Jinn: An online zine from Pacific News Service

PACIFIC PULSE

Viet Kieu

By Andrew Lam

<lam@pacificnews.org>

Date: 03-23-98

This essay, originally written for Pacific News Service, was anthologized in "New To North America," a colection of writng by U.S. immigrants, their children and grandchildren. Here it is shortened for NPR's All Things Considered.

The scrawny street vendor in Saigon studies my eyes, my lips. "Brother," he says, "yours is not a Vietnamese face. It's a face that has not known suffering," Then he adds through a sigh: "Had I escaped to America, maybe I too would have such a face -- A Viet Kieu face."

Viet Kieu literally means Vietnamese nationals living abroad. And when he returns to Vietnam, the Viet Kieu, especially if he's from America, tends to serve as a romantic mirror in front of which his fellow countrymen measure their own lost potential.

And so inevitably in Vietnam my face and body take on mythological proportions. When a cousin prouldy introduces me to a friend, someone who has tried a dozen times in vain to escape, the man promptly reaches over to squeeze my thigh. I 've no doubt that his is an impersonal gesture. Vision of double tiered freeways and glassy high rises are to be extracted out of the Viet Kieu's flesh. Squeeze a little a harder and, who knows, you might just see Disneyland.

At a dinner party thrown in my honor, my American passport is read like a comic book by MY various relatives. As the entry and exit stamps of Greece, France, Mexico, Thailand, and a dozen other countries flutter past one cousin's eyes, she looks up at me and declares dreamily: "Cousin, such happiness! It's as if you have wings!"

Indeed, if in the last 3000 years or so it was generally understood that a Vietnamese soul is tied to home and hearth, in the last two decades that old land bound assumption has been subverted by the birth of the Viet Kieu.

As it is, Vietnamese nationalism -- that firebrand weapon that defeated the Chinese, Mongolians, French and Americans -- seems to have withered from old age. While old Vietnamese leaders continue to emphasize the finer points of collective strenght, involving memories of a war against invaders, the young of Vietnam have moved away from a parochial us-vs-them mentality. If Ho Chi Minh, the father of Vietnamese communism, once preached independence and freedom to his compatriots, today it's the Viet Kieu, those like me and my family, persecuted by Ho's followers and forced to escape overseas who, upon return, exude freedom and independence.

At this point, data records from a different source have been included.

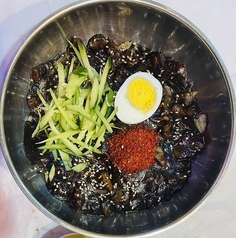 ジャージャー麺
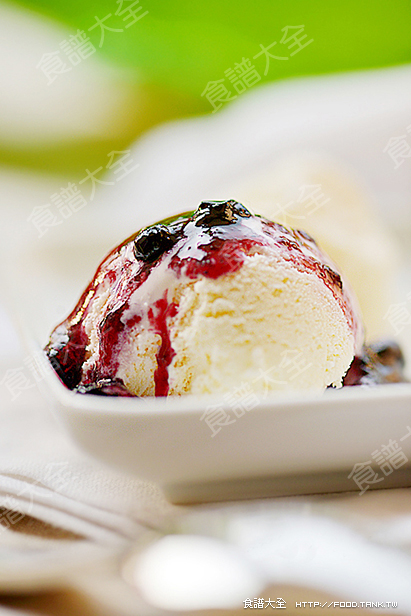 藍莓果醬蛋奶冰淇淋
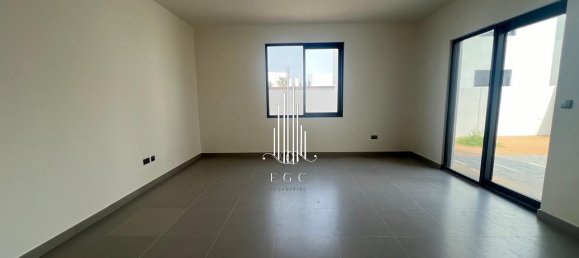 4 bedrooms Villa in Yas Island, UAE No. 95569 4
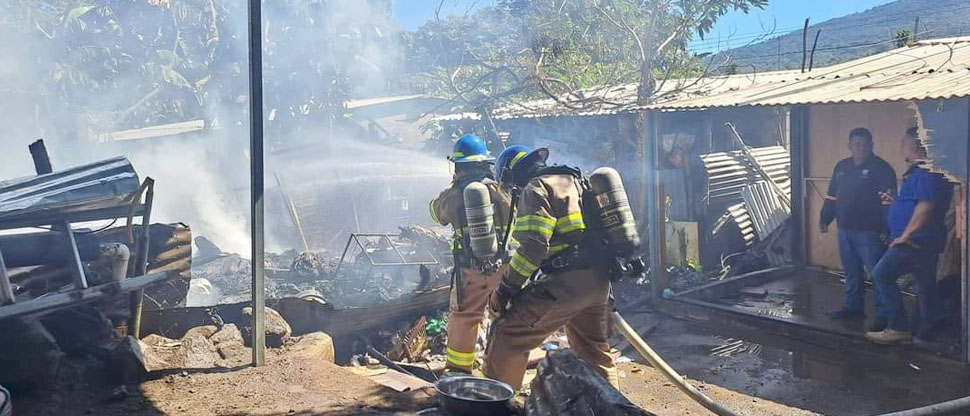 Familia lo pierde todo tras incendiarse su vivienda en Usulután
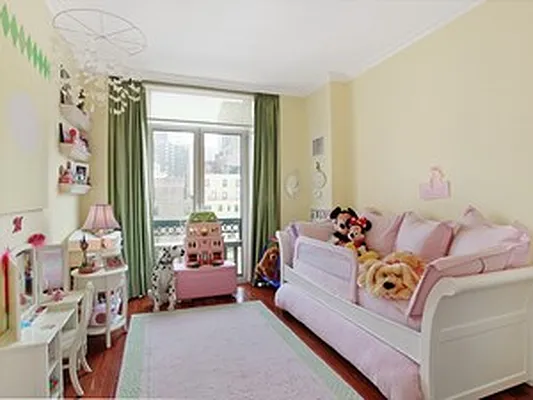 Sold by Corcoran | media 20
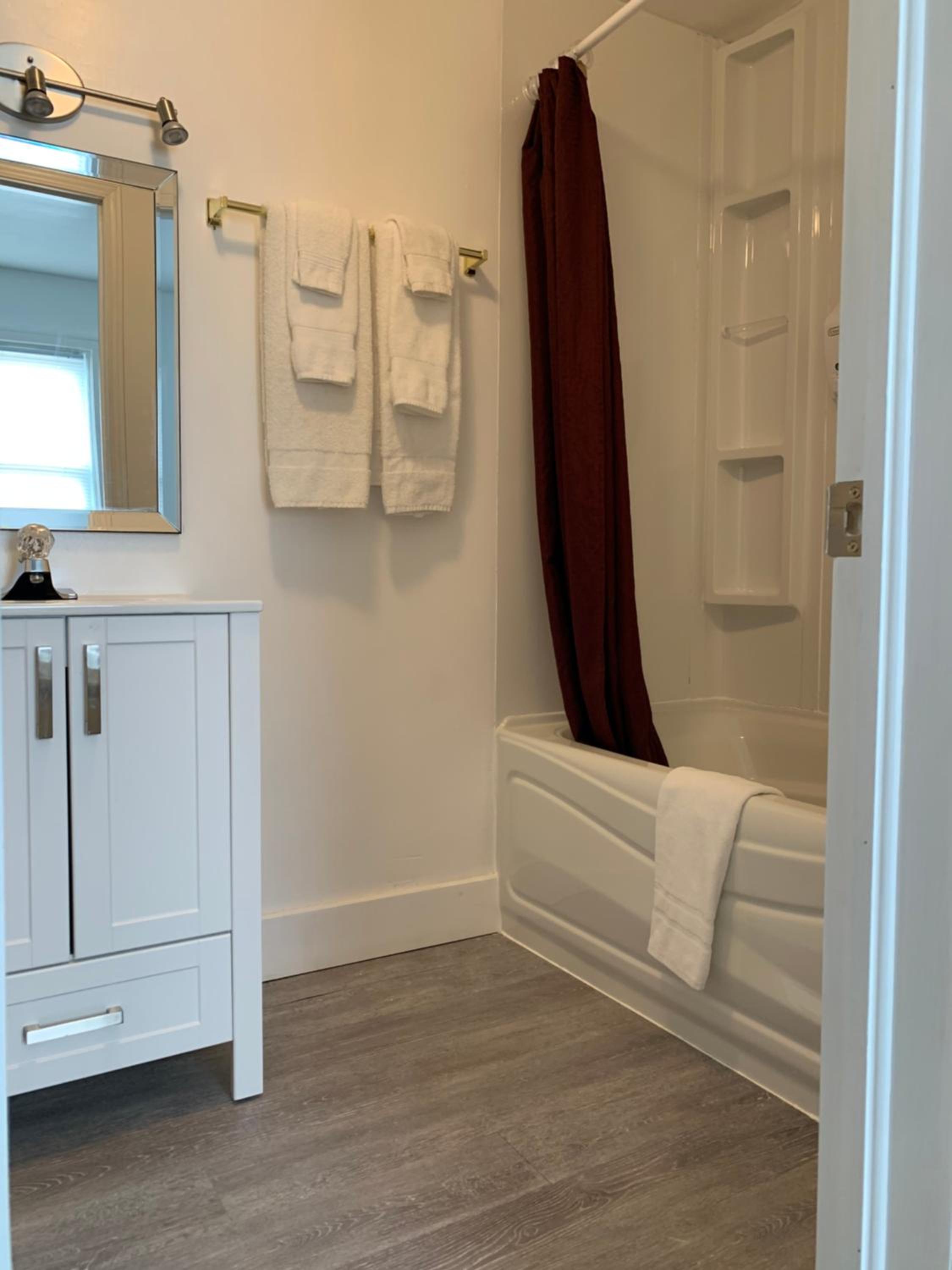 Double Room with Two Queen Beds - Photo 15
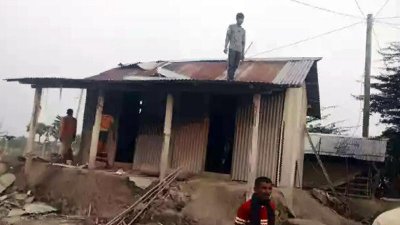 এই ঘর সংস্কার করে দেন প্রার্থী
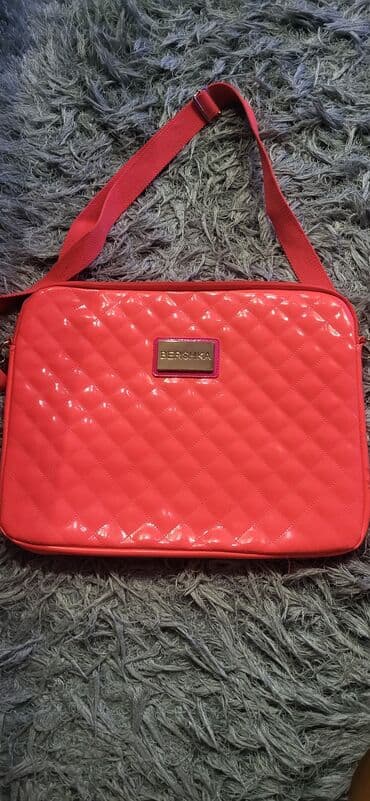 hit cene torbe: Elegantna torbica, Bershka — 3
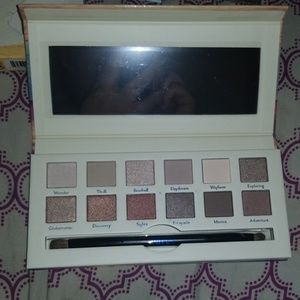 Cargo Makeup - Cargo Enjoy Every Moment Palette Cargo Makeup - Cargo Enjoy Every Moment Palette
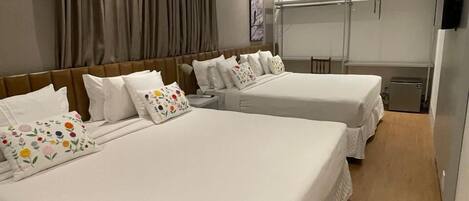 Deluxe fyrbäddsrum | 1 sovrum, minibar, skrivbord och arbetsyta för laptop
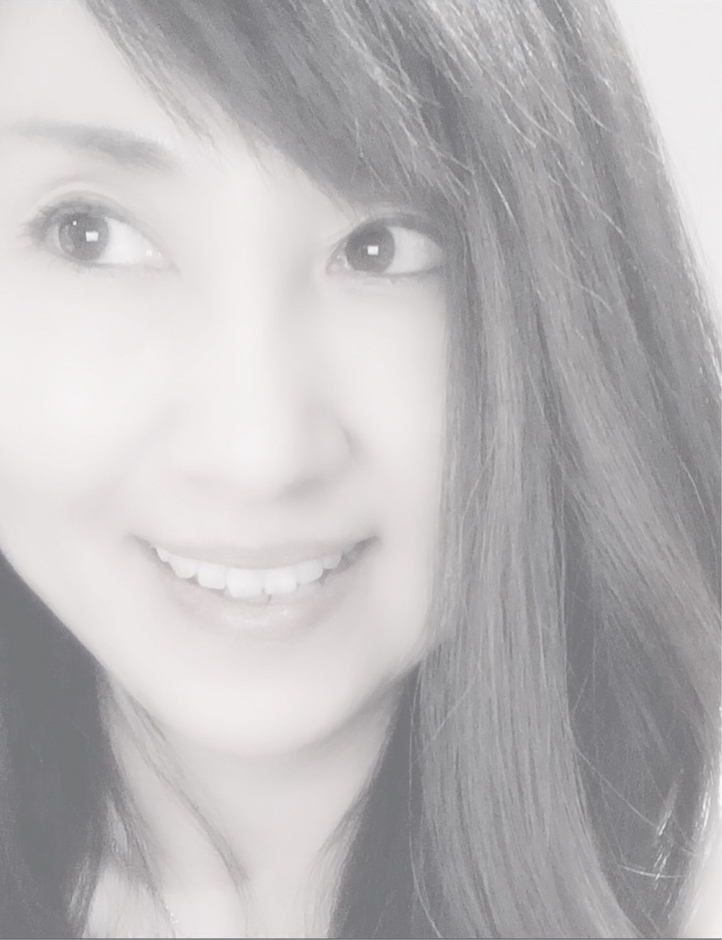 代表 岡部 理絵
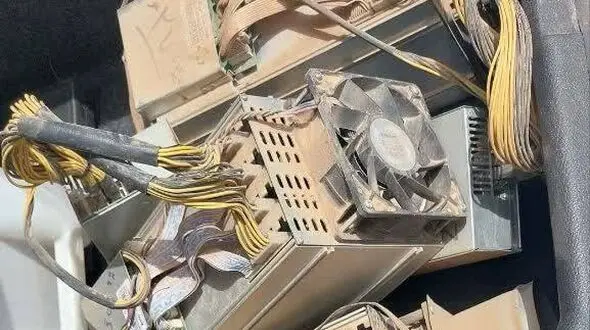 کشف ۶ دستگاه ماینر در دامداری!/ رصد جدی به جای اخطار؛ شرکت برق با سارقین برق مردم چقدر قاطع برخورد می کند؟ 
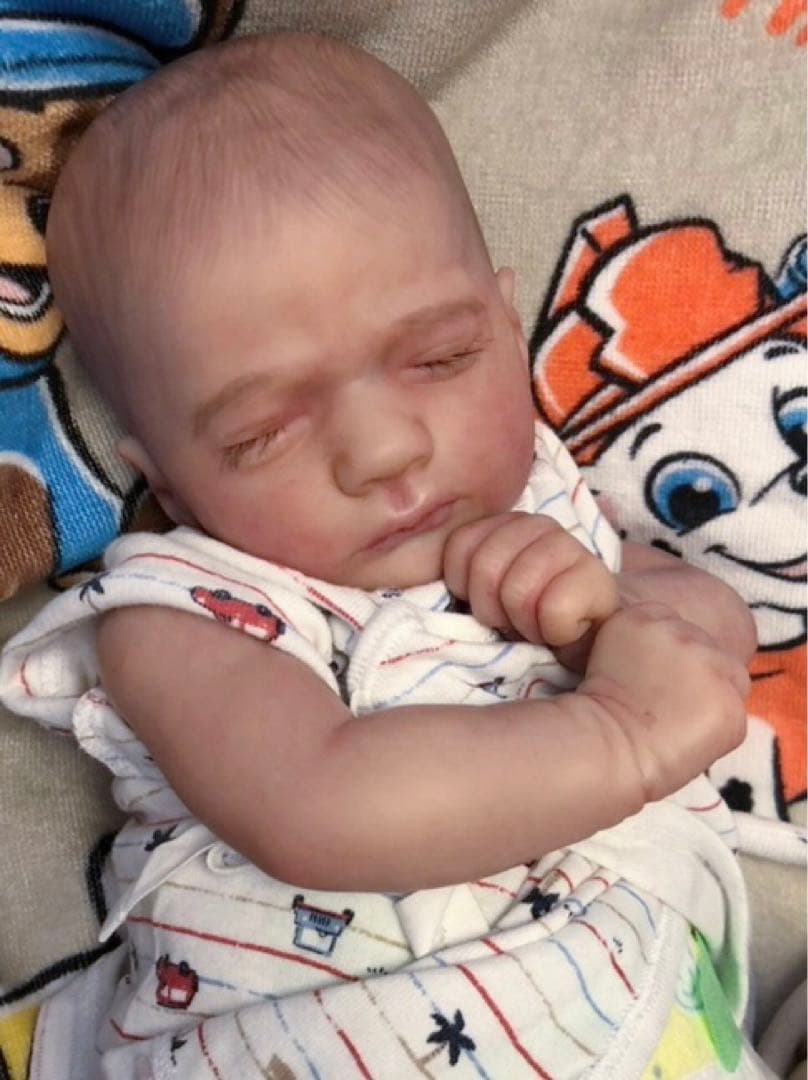 *・゜゜・*:.リボーンドール　ねんね男の子:*・゜゜・*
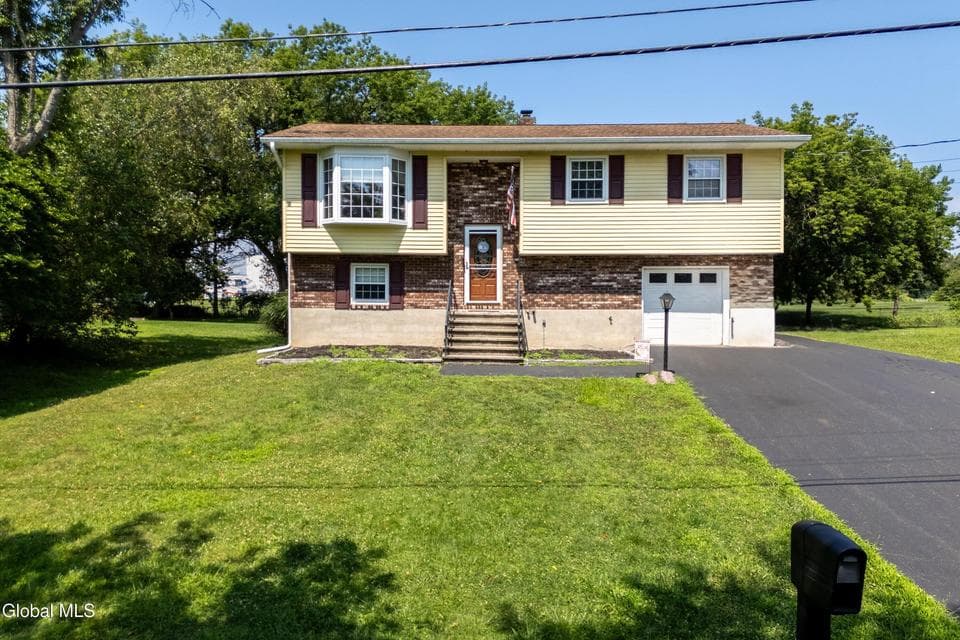 5 Cottontail Lane, photo 1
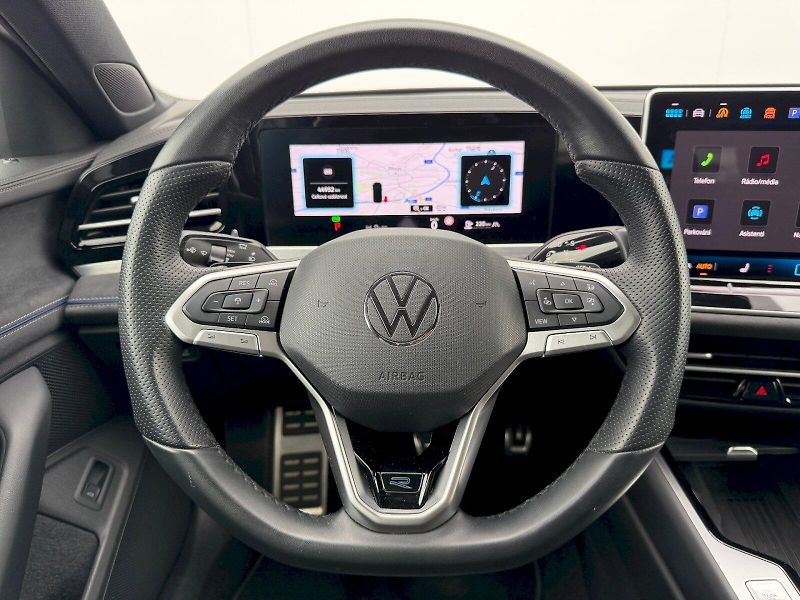 Volkswagen Passat (2024) 2.0 TDI 110 kW R-LINE - fotka 8 z 35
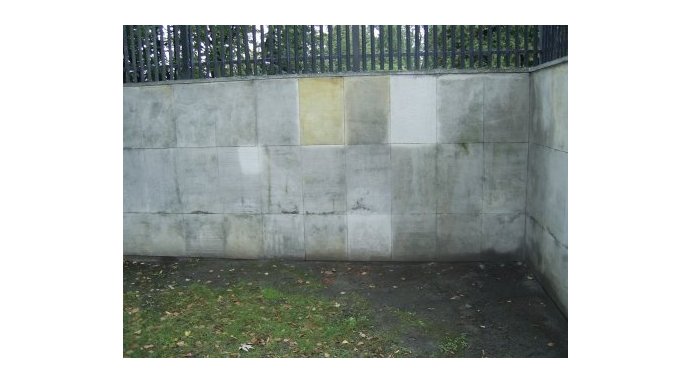 Widok na mur Cmentarza Powązkowskiego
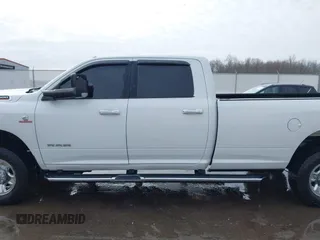 2019 Ram 2500 Big Horn with VIN 3C6UR5JL5KG703032, listed as a IAAI auction lot 41700190 with 90,215 mi miles. Bid and sale history available at carsss.com. Image 14.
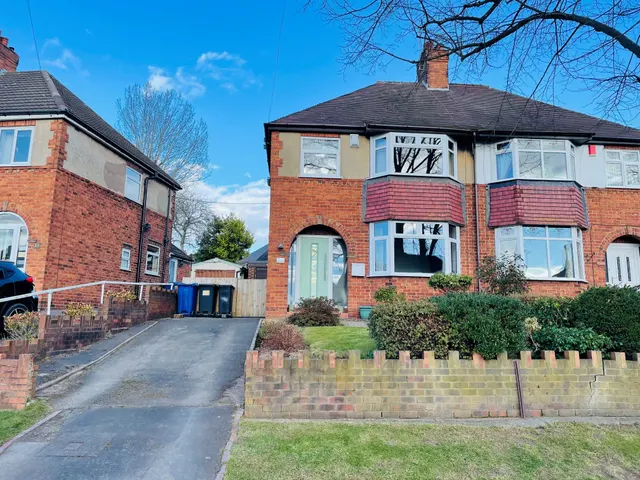 Moorthorne Crescent, Bradwell, ST5, photo 1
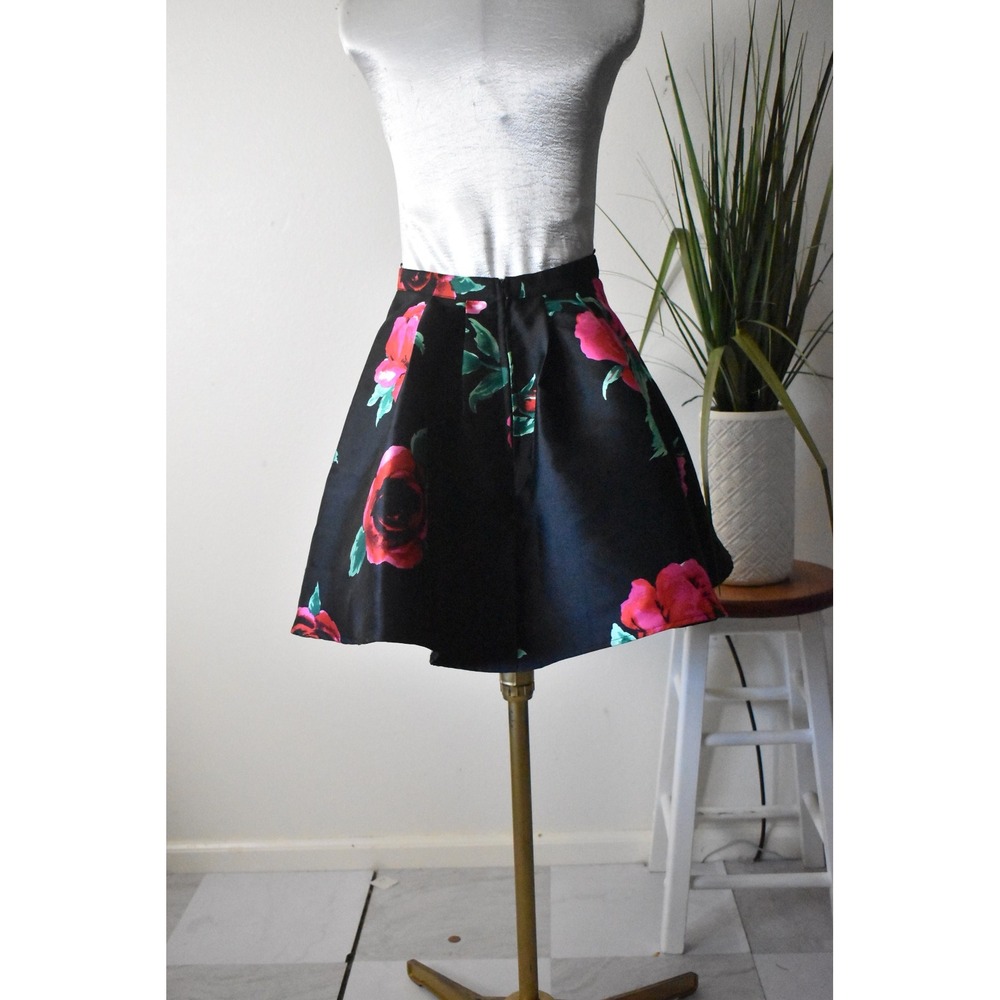 B. Smart Floral Mini Skirt Womens Size 0 Black Pink Rose Satin A-Line Modern Era - Picture 4 of 9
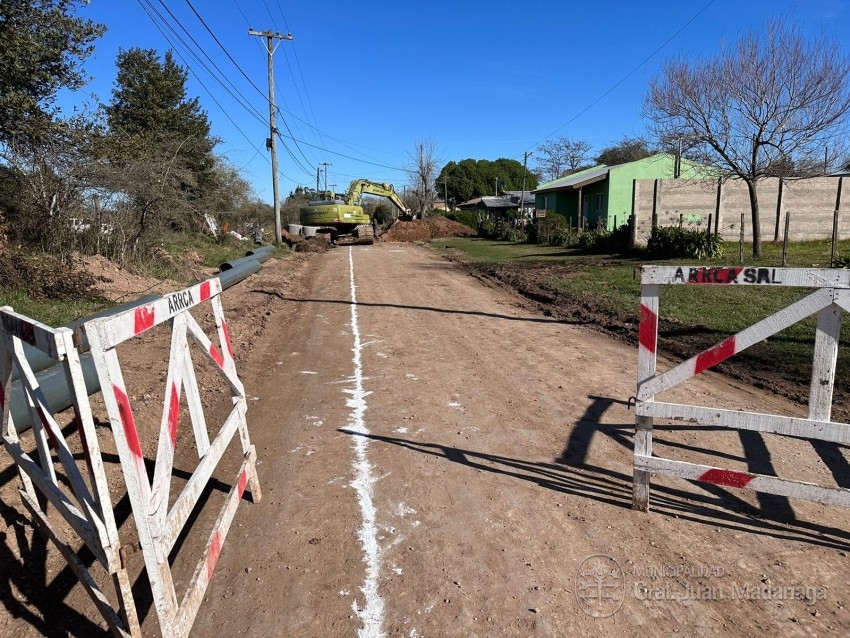 Avanza la obra de cloacas y solicitan circular con precaucin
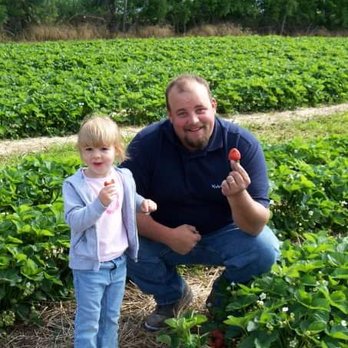 Naylor Farm - Dad and helper! - Pick Your Own Farms Near Me - Biglerville, Pennsylvania Naylor Farm - Dad and helper! - Pick Your Own Farms Near Me - Biglerville, Pennsylvania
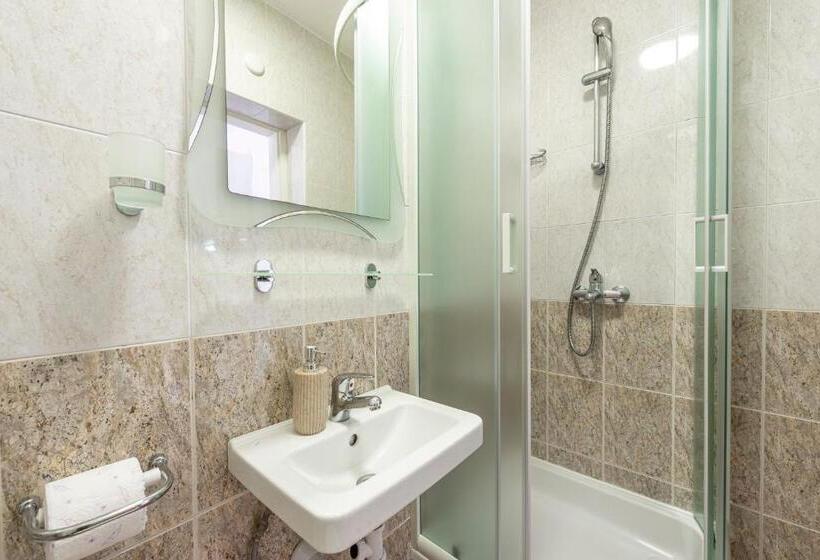 استودیو ساده, Cina Apartments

In Vietnam as a child, I remember being moved by the national anthem that emphasized blood scarifice to protect the sacred land. I remember feeling inspiration and awe staring at ripened rice fields at dusk. And I readily intuited why my mother placed my umbilical cord in an earthen jar and buried it deep in our garden after I was born.

But that, as they say, was another life, long ago.

For me, as well as for many other Vietnames Americans of my gereration, those birth ties were severed and our innocence died the day we crossed the ocean to a distant shore.

Returning today, a gap opens between my coutrymen and me. If I am to them a modern day Odysseus, I feel as if a stranger in my own homeland, someone overwhelmed by a collective yearning in which he is its principle icon.

Still I can no more deny my own sense of displacement than can I deny my new role in the new Vietnamese imagination: No wings sprout from my back, I nontheleless have brought a boon back to my own homeland: myself. I am evidence that the outside world exists.